## [Assigned task]
Which lines hold the word "visor"? Copy each of them from the material.
---------------
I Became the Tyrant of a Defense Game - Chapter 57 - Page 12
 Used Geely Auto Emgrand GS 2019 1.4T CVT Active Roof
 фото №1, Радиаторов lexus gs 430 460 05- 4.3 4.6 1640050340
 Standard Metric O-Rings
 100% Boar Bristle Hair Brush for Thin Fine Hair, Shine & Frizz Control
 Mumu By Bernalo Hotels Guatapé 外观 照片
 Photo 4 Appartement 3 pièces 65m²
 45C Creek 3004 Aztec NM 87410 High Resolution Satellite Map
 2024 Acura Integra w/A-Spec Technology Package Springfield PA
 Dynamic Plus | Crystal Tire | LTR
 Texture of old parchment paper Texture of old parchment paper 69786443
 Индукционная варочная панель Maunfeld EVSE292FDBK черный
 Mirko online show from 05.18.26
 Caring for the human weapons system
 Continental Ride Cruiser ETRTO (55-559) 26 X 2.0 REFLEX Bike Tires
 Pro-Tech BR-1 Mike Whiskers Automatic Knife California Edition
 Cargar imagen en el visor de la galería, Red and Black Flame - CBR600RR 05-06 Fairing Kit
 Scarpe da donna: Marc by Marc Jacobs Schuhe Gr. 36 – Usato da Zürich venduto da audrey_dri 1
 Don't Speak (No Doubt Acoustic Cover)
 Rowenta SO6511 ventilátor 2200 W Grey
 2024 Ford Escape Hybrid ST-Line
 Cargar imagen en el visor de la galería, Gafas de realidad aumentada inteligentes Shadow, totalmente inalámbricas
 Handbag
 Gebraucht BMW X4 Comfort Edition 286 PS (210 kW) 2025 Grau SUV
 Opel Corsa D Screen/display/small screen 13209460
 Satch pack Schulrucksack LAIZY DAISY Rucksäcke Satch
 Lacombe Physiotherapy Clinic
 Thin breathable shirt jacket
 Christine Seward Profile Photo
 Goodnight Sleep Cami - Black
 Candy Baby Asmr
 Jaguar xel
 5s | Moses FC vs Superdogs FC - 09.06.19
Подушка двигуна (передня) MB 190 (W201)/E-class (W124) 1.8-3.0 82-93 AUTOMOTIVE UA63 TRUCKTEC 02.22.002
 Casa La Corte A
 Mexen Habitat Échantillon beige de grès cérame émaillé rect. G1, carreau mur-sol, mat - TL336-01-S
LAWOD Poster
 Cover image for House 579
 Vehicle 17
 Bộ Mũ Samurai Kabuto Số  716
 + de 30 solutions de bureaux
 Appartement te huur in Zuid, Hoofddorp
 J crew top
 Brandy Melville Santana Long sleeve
---------------
## [Output for this task]
 Cargar imagen en el visor de la galería, Red and Black Flame - CBR600RR 05-06 Fairing Kit
 Cargar imagen en el visor de la galería, Gafas de realidad aumentada inteligentes Shadow, totalmente inalámbricas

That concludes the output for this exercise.